Andrew Leigh: At the next election Australian people are going to face a very clear choice on the issue of superannuation. We know now, thanks to new figures that are on the www.moresuper.gov.au website that a child care worker working on average child care wages, full time, will lose $75,000 in retirement savings if Mr Abbott were to win office. Mr Abbott’s superannuation changes increase superannuation taxes on the lowest paid workers in Australia. That is, I think, fundamentally at odds with basic Australian values that say that if you want to make budget savings you should make them on those who can most afford them, not those who can least afford them. If the superannuation pause takes effect then an average worker stands to lose $30,000. But if, as is more likely, Mr Abbott were to, upon winning office, not continue with increasing superannuation that would cost $127,000 of retirement savings. That’s a deeply short-sighted decision and one that’s damaging to so many workers on average and lower incomes. Happy to take any policy questions you’ve got. [Pause] Silence?

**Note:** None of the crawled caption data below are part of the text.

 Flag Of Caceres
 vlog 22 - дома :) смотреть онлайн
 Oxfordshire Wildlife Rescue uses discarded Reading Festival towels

Journalist:                           It’s commendable for you to come out here and try to talk about policy but aren’t you ignoring the big issue of this week, and that is the leadership, do think it’s just media fascination?

Andrew Leigh: I’m happy to take your leadership question, Laura, but the reason I come out and talk about policy every day is because I believe that questions of leadership pale into insignificance alongside the big policy differences between the major parties. Tony Abbott doesn’t have a health policy; he doesn’t have an education policy. He’s got a $70 billion costings crater. And last week he announced a northern Australia plan proposing a commission that already exists.

Journalist:                           How can Australians have confidence in the Government though, to be able to deliver on these promises if you’re not entirely sure who’s going to be leading the Party by the end of the week?

Andrew Leigh: You just look at the track record. 586 Bills passed through the House of Representatives. Big reforms like the price on carbon pollution, DisabilityCare, better schools, and let’s not forget winning a seat on the UN Security Council. I’m very proud of the track record of this Government on policy reform.

Journalist:                           Are you confident that Julia Gillard will still be the Prime Minister by the end of the week?

Andrew Leigh: Yes

Journalist:                           Do the Rudd forces need to ‘put up or shut up’?

Andrew Leigh: My focus here is on policy, not on gossip and flim flam.

Journalist:                           Well it’s not gossip. Like, Rudd supporters are obviously backgrounding and there’s some sort of backgrounding that’s going on at the moment on the leadership, so what to the Rudd forces need to do? Do they need to challenge Julia Gillard for that position or does the Prime Minister need to step aside?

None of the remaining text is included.